JasonKessler / scattertext

Beautiful visualizations of how language differs among document types.
Apache License 2.0
2.23k stars 289 forks source link

Visualization from Token Counts or Frequencies #23

Closed morden96 closed 6 years ago

morden96 commented 6 years ago

Recommendation: MapReduce is typically used to return just word counts in large datasets. While much more simplistic than what scattertext provides, it is very fast on large datasets. However, your method of visualizing the data is stellar. It would be ideal if we could leverage scattertext_explorer using word count or frequency tables.

gabefair commented 6 years ago

Are you suggesting an ability to use a dataset that already has the word frequencies counted? Instead of using produce_scattertext_explorer to get the word count?

morden96 commented 6 years ago

Yes. Allow the user to create their own frequency or wordcounts and then leverage scattertext for the analysis/visualization. Otherwise, scattertext is unusable with large datasets, particularly ones that cannot fit in memory.

gabefair commented 6 years ago

This is exactly what I need!
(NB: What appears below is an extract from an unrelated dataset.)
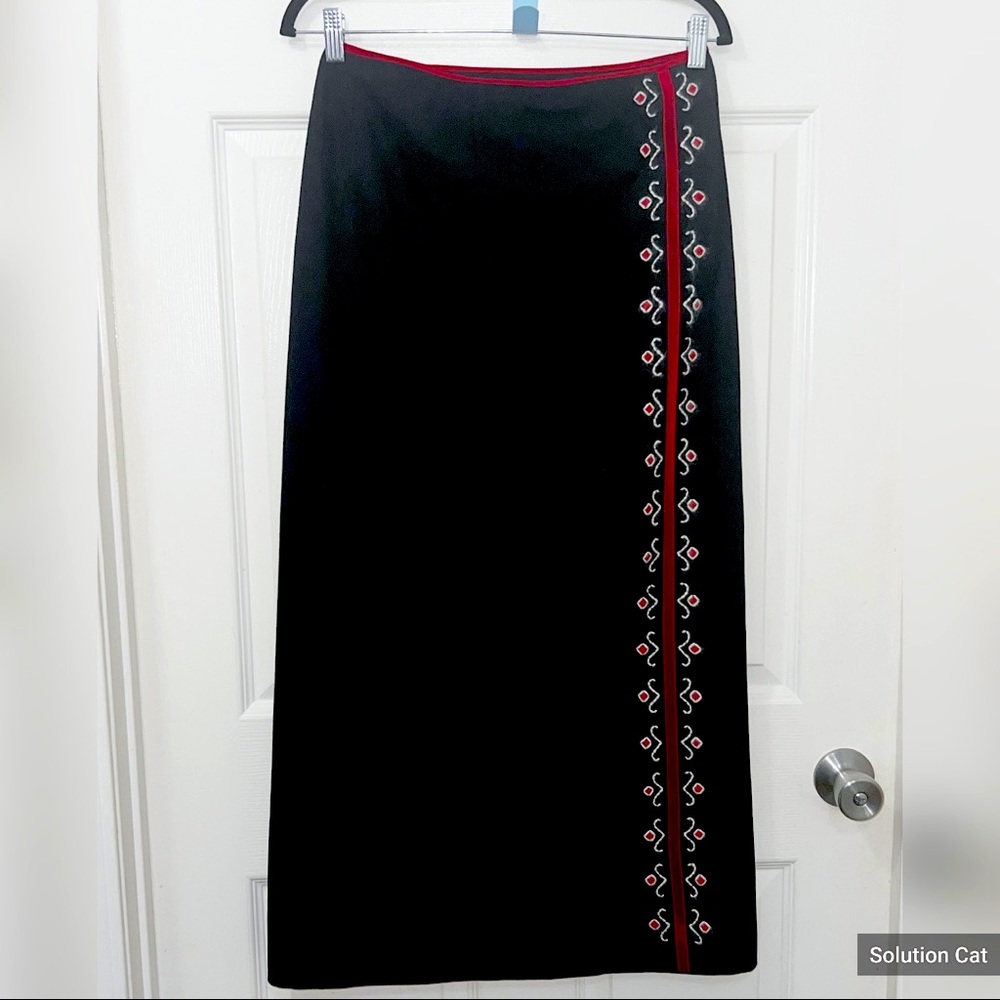 Vintage Wool Ann Taylor Maxi Black Embroidered Skirt size 8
I've started investigating the available functions to see if this is an undocumented feature.

JasonKessler commented 6 years ago

Thanks for the feedback. Since it seems like there's a lot of demand for this, I'll put together something to make plots based on a term-category frequency dataframe.

JasonKessler commented 6 years ago

Just updated the package to include this functionality. Please see Visualizing differences based on only term frequencies.